Pictures with short captions:
========================================

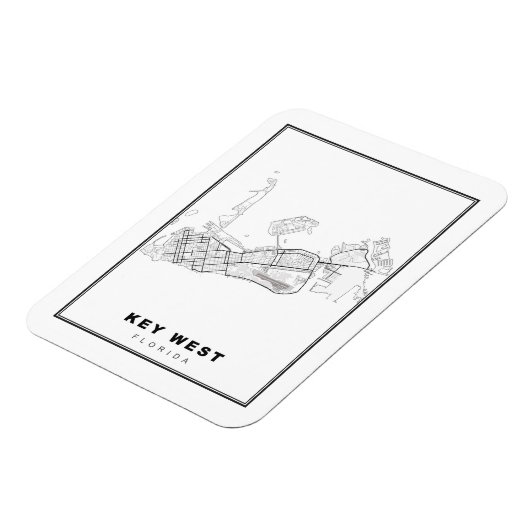 Key West Map Magnet (Linke Seite)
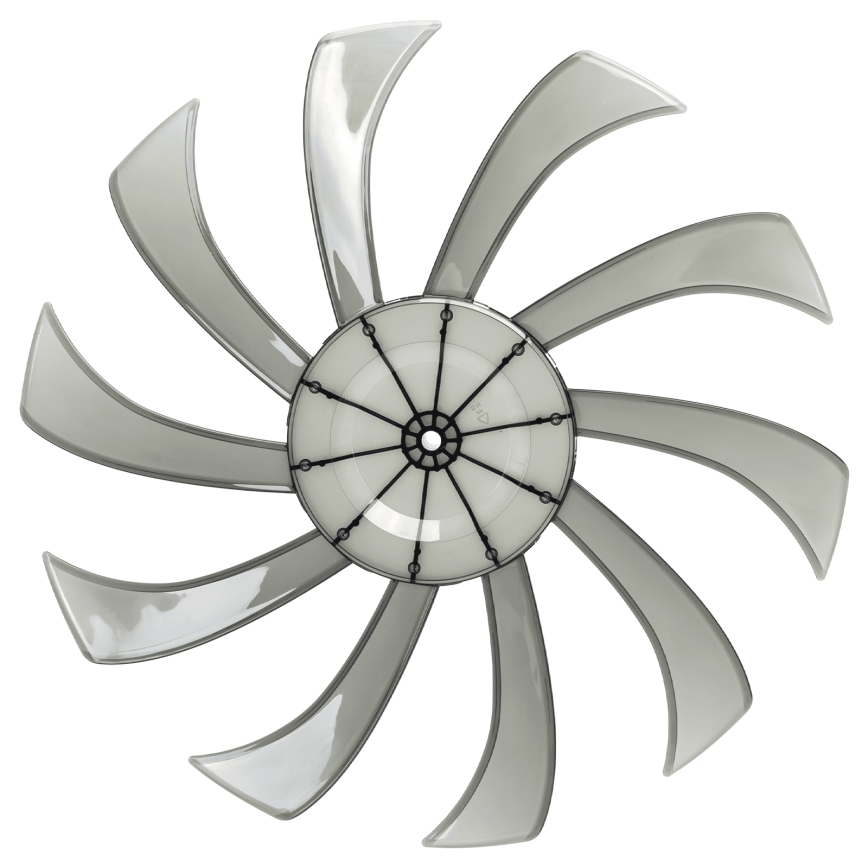 Aigostar - Állványos ventilátor 55 W/230 V, 130 cm, fekete + távirányító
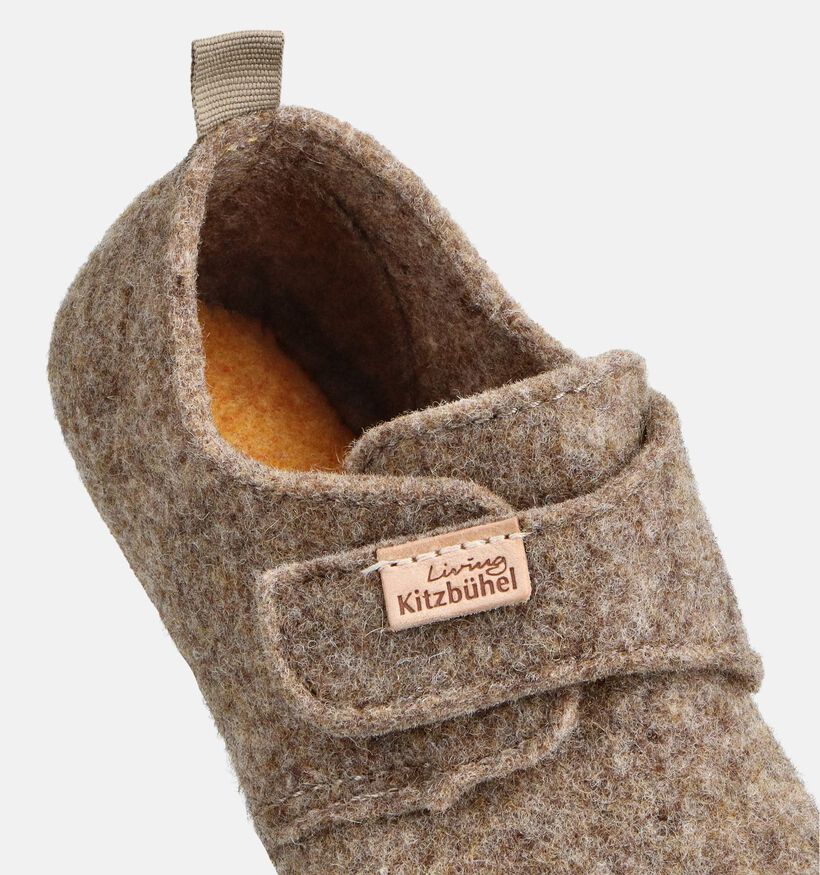 Living Kitzbühel Pantoufles fermées en Beige pour filles, garçons (365721)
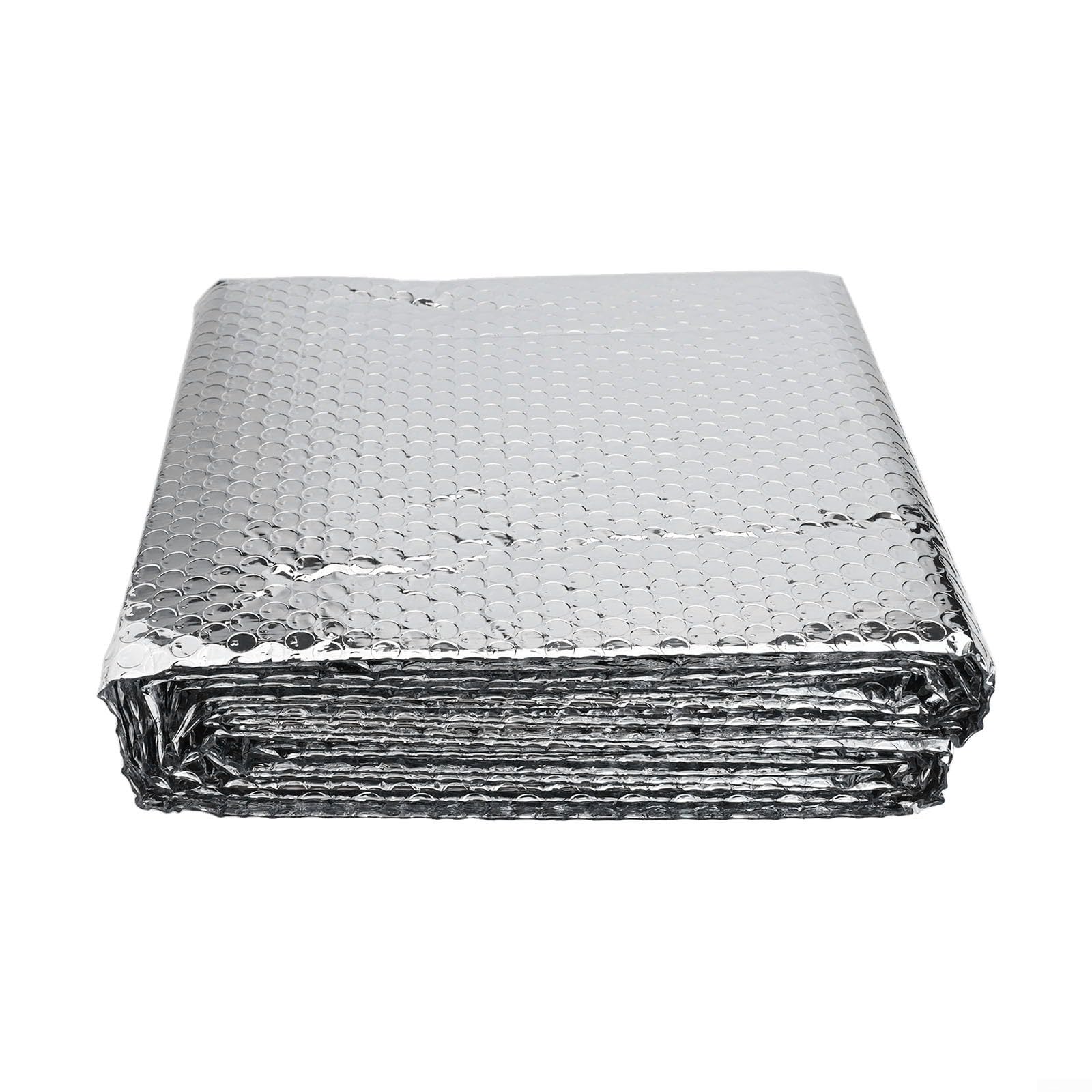 Foglio isolante per riscaldamento, aria di raffreddamento e altri riscaldamenti, 5 m x 60 cm, foglio isolante in alluminio su entrambi i lati (con adesivi)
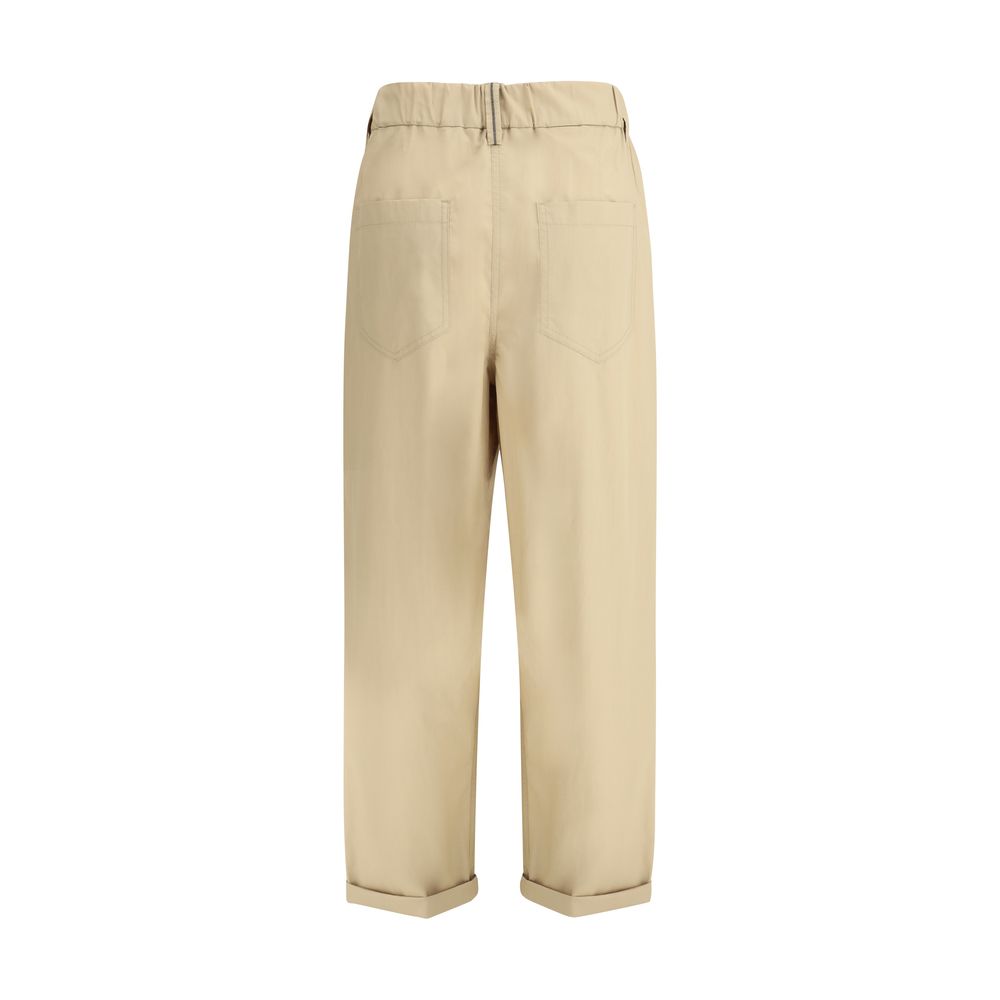 Brunello Cucinelli Hose mit Gummizug aus Baumwolle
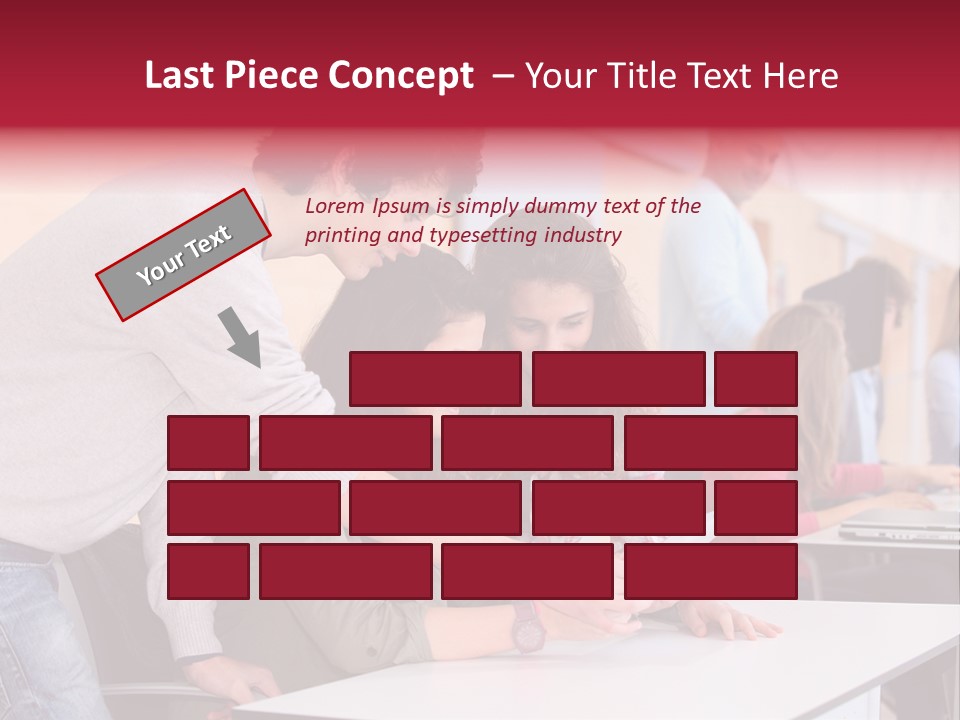 A Group Of Young People Looking At A Computer Screen PowerPoint Template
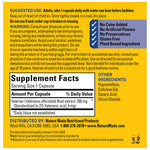 Natural drug free plant based dietary supplement bottle side angle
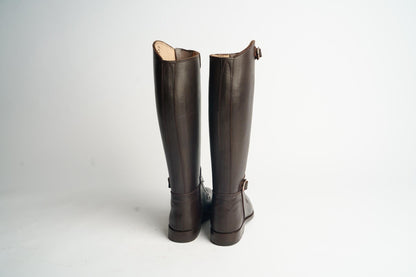 Handmade Leather Riding Boots – Tall Equestrian Boots with Zipper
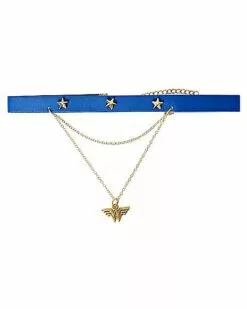 Wonder Woman Shield Choker Necklace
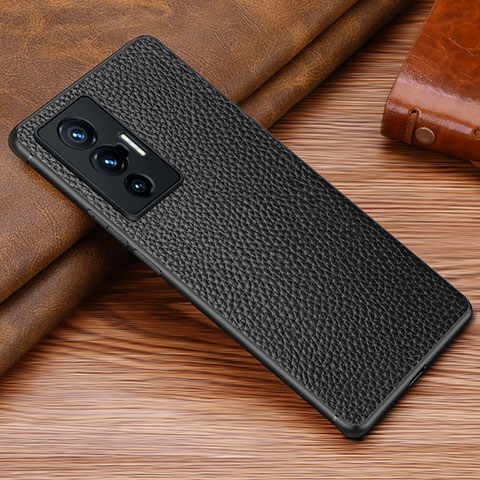 Funda Lujo Cuero Carcasa DL1 para Vivo X70 5G Negro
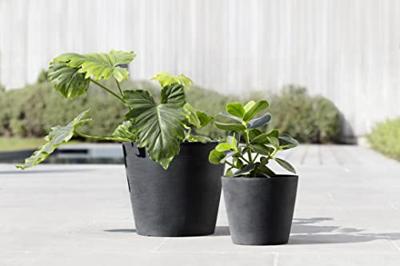 Ecopots Bloempot Amsterdam Ø30cm - Donkergrijs Ecopots Bloempot Amsterdam Ø30cm - Donkergrijs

========================================

TASK DIRECTIONS - The copy must start at the line containing "Wonder Woman Shield Choker Necklace" and end at the last line of the data, matching each line exactly. It must hold no pictures.

TASK RESULT -
 Wonder Woman Shield Choker Necklace
 Funda Lujo Cuero Carcasa DL1 para Vivo X70 5G Negro
 Ecopots Bloempot Amsterdam Ø30cm - Donkergrijs Ecopots Bloempot Amsterdam Ø30cm - Donkergrijs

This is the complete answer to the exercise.